Zorganizowaliśmy ten oddział w Centrum Zdrowia Psychicznego, w nowym otwartym obiekcie. Na czwartym piętrze jest on zlokalizowany. Ma zupełnie niezależną windę, niezależną drogę dojścia i praktycznie drogi się nie krzyżują z pozostałymi pacjentami. Jest to tam wszystko przygotowane w ten sposób, żeby pacjenci, którzy wymagają leczenia psychiatrycznego, a są podejrzewani o zachorowanie lub już ze stwierdzonym zakażeniem koronawirusem, byli tam przyjmowani i leczeni.
W Wielkopolsce do tej pory nie było takiego miejsca, gdzie zarażeni mogliby znaleźć pomoc psychiatryczną. Poznański szpital przygotował na razie 26 miejsc, ale ta liczba w razie potrzeby może być zwiększona.
Na leczenie psychiatryczne chorych może kierować szpital zakaźny albo - po kontakcie telefonicznym - specjalna karetka zabierze takiego chorego z miejsca izolacji.
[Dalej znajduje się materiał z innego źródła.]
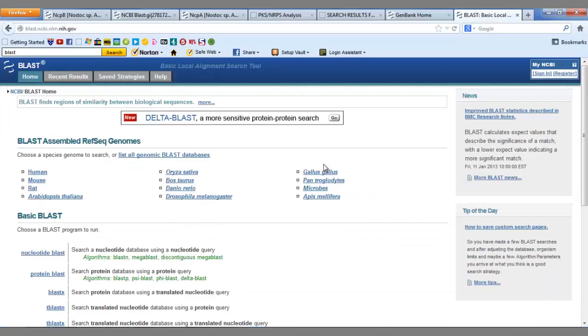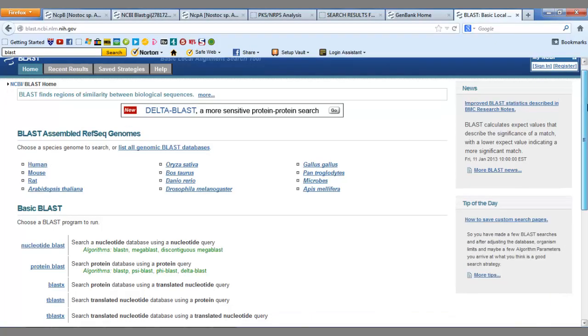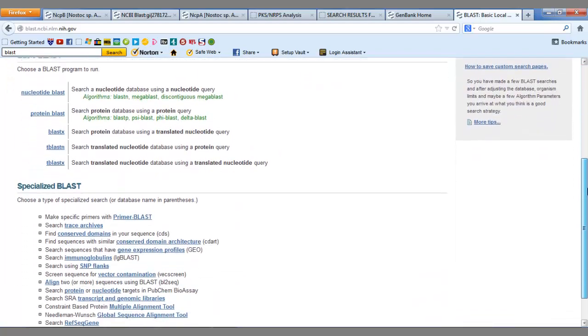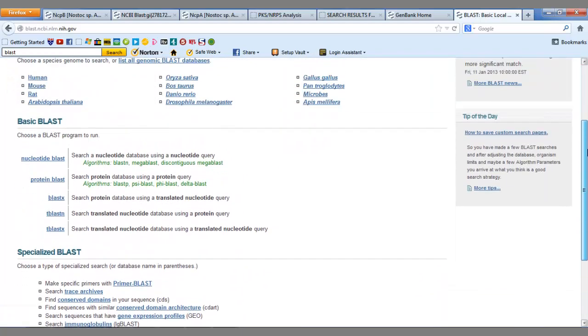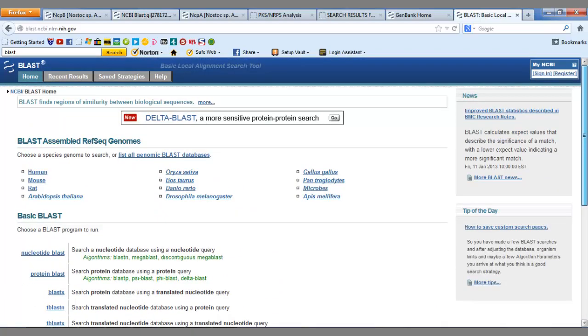BLAST, or Basic Local Alignment Search Tool, compares regions in the entered sequence to a large database of known sequences to see if there are any matches.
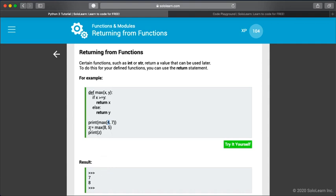Before it will allow us to print this variable, it first has to run the function. So then it puts the eight here and the five here. It says: if eight is greater than or equal to y, return x. So if eight is greater than or equal to five, return x.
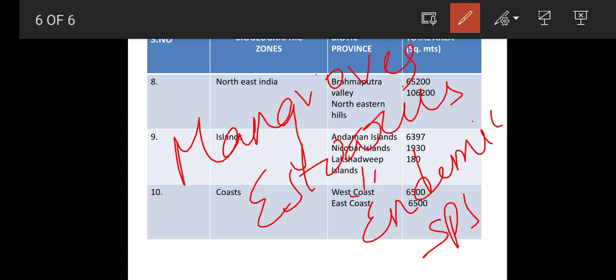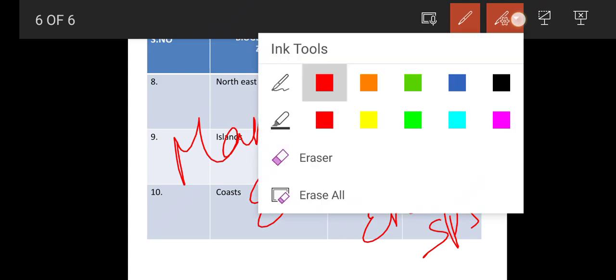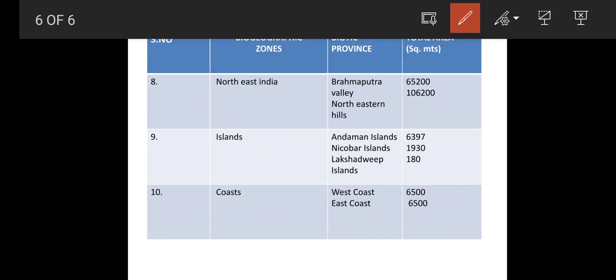So that is about the coastal zone — this is the last zone. I hope you like this video. If you liked it, please like and share. Thank you.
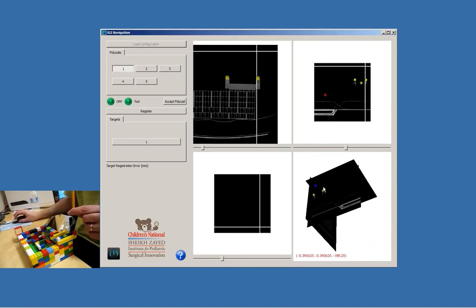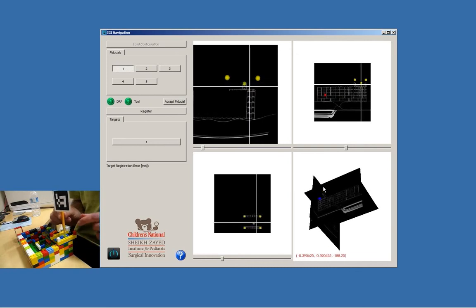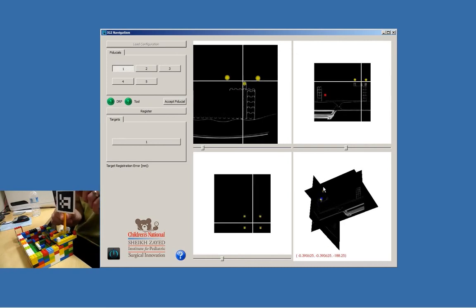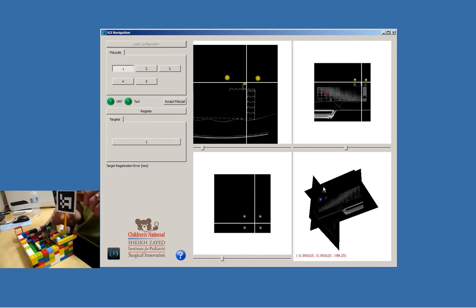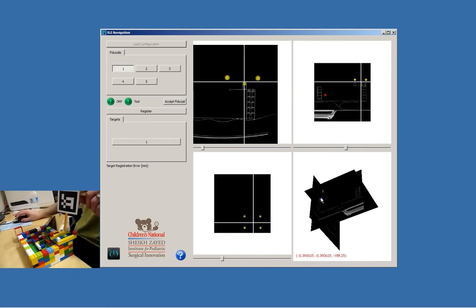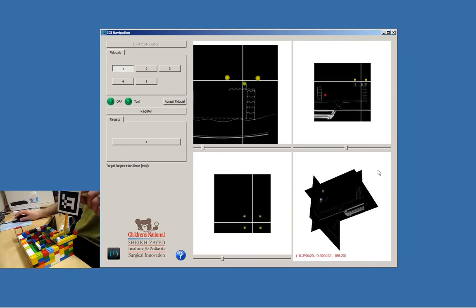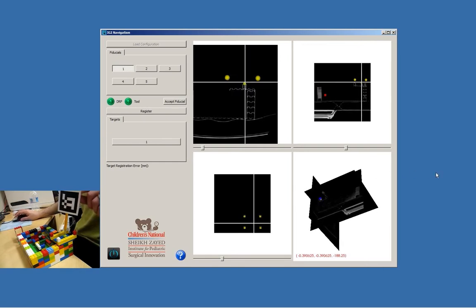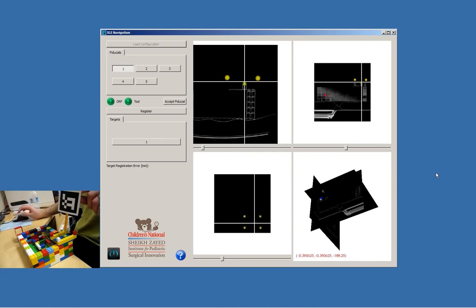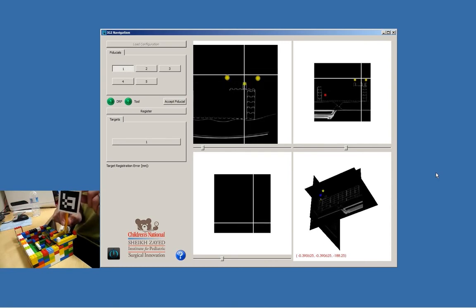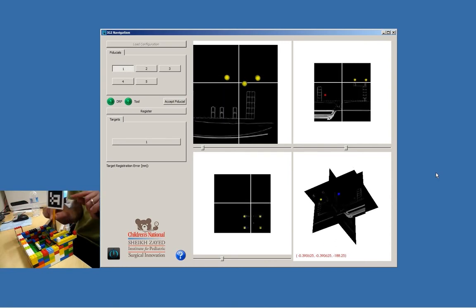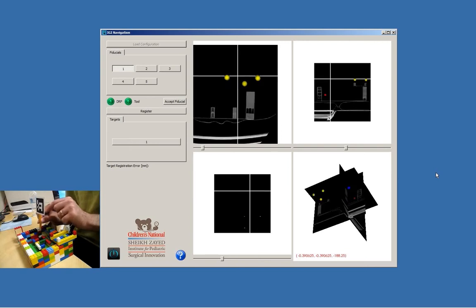Let's look at the image again. Here you can see that if I'm touching a fiducial, the blue sphere and yellow sphere are almost overlapping, and that's what we should see — there is now a correspondence between the physical world and the virtual world displayed on screen.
Jednocześnie szpital nadal pełni dyżur psychiatryczny dla pozostałych, niezakażonych pacjentów. Ścieżki obu grup chorych nie będą się krzyżować.
Już wcześniej ustalono, że kobiety zakażone lub z podejrzeniem zarażenia będą rodzić w Klinice przy Polnej. Tam też będą leczone noworodki z koronawirusem. Natomiast stacja w Szamotułach będzie dializować zakażonych pacjentów, którzy przebywają w izolacji. Będą dowożeni na dializy i odwożeni do miejsca izolacji.